MNPA also uses a network of small surveying contacts to uncover investment opportunities. “These are predominantly one or two-man bands who dig out very good quality product for us – largely before it comes to the market and certainly before we hear from the big players. We see a lot of this product very early and very complete. We have a good relationship here. If we don’t want to take an investment we tell them and if we do we press on – so the surveyors know exactly what they are dealing with.”
The portfolio split comes out at 32% in industrials, 36% in offices and 32% in retail spaces. “We are actually looking to invest more in industrials, but they’ve been difficult to get hold of recently,” notes Corless.
He adds that the fund’s investment strategy presently leans towards industrials and business park offices – albeit those with alternative means of transport to reach them. “There are good returns available on business park units and in some locations you can get better yields on an office – say 8%, than on an industrial just down the road at 7.75%.
And he notes that the fund looks closely for any value-added opportunities: “Because we are yield-driven we are looking for the sector where we feel we can get the best return, but we are always conscious that we are not just looking for a flat return. If there’s a prospect of something in there such as prospects for rental growth or added value such as buy-in leases or extension or redevelopment of properties, we will go for that.”

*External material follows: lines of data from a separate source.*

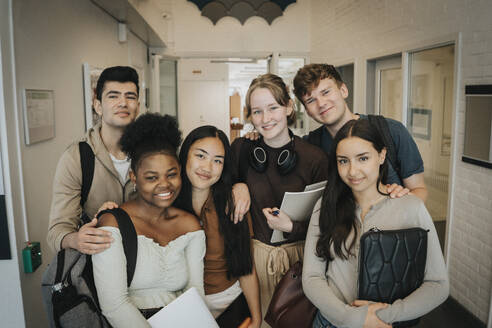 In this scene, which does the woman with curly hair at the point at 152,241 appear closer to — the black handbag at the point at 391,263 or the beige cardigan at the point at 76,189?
the beige cardigan at the point at 76,189

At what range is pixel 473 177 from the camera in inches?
116

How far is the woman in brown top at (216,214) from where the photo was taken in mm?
1584

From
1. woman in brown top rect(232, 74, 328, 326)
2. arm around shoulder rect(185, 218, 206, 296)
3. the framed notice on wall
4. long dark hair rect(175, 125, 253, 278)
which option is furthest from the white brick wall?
the framed notice on wall

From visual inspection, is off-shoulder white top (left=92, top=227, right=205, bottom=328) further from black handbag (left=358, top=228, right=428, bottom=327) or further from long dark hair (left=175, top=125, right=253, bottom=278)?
black handbag (left=358, top=228, right=428, bottom=327)

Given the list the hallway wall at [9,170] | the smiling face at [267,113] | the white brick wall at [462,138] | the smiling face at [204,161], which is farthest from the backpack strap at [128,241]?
the white brick wall at [462,138]

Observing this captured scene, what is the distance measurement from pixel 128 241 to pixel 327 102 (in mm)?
1281

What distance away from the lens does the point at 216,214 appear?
164 cm

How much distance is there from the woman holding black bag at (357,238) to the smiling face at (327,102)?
524 mm

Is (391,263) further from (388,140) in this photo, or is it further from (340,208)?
(388,140)

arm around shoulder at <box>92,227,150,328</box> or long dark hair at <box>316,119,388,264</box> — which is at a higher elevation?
long dark hair at <box>316,119,388,264</box>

Geographically the fund’s income- driven approach means it looks country-wide for prospects. “The big growth generators tend to be in the south-east or London-based, but we’re looking for high levels of return as much as anything, so we’re picking up industrials in the north with nearly 10% returns. But we’re also buying in the south-east, where we have industrials returning 7.5–8% on industrials, although we’re just about to do two at 9% rates.”
He says the trustees position is that the MNPA invests in mainland UK direct property, but Corless notes that they keep an eye on what is happening with indirect property as well.

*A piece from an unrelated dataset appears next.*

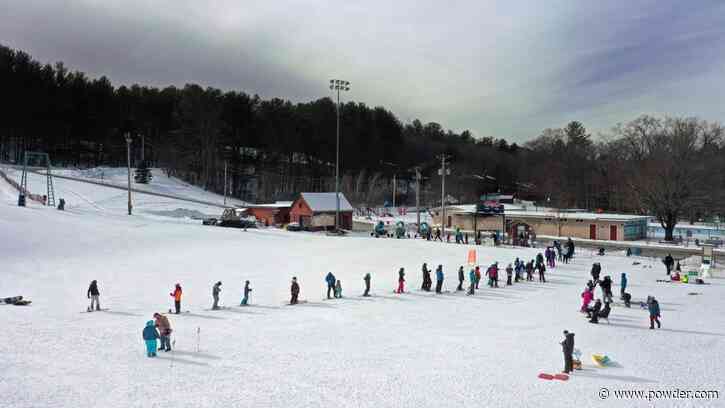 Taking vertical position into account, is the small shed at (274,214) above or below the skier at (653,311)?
above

The MNPA manages the MNRPF on a third-party basis. “It is a totally unconnected portfolio of approximately £30m in 25 properties, which is 7.5%of the total portfolio. It performs its socks off, though, and did over 20% last year.”
This, he says, is the market segment where the MNPA is looking to manage third-party assets, adding that they are only seeking a small number of funds around the £50m mark to work with. “We are looking for people who want to invest in direct property but think they are too small to do so. What we are saying for funds of this size is that if you look for the right things you can get very good value. We are just beginning to pitch for business and talking to contacts. The basis for going out into the market is that we feel we won’t have the conflict of interest that may exist with some of the bigger providers because we are running two very mature funds.
“It’s highly unlikely that any new funds taken on will be mature so they are likely to have different strategies in terms of looking for capital growth rather than income return in the first instance.”
Pricing, Corless points out, depends on the client. “If it’s a fund driven by income then we should be looking for income-based return, and similarly with capital-based return. There will also be the possibility of lump sum payment, which is the other way people are moving.”
Corless adds: “Third-party management is the next challenge for us and I don’t know of any other small UK funds that are doing this.”
And Corless is bullish about the current state of the property market, noting that real estate returns are regularly eclipsing gilt and corporate bond yields. “If you’ve got a good property portfolio you can be returning 7.5–8% – plus you have an underlying asset.
“Provided the property industry keeps its act together with the quality and accuracy of performance figures from the likes of the IPD Investment Property_Databank, which are certainly 100% better than what we were getting five years ago and provided that the information is open and in the format that other professionals can understand, then I think things look quite buoyant.”
Corless says the MNPA is not presently looking to up property allocations, but notes that with minimum funding requirement changes and the shift to corporate bonds, then property will be increasingly viewed as a good alternative.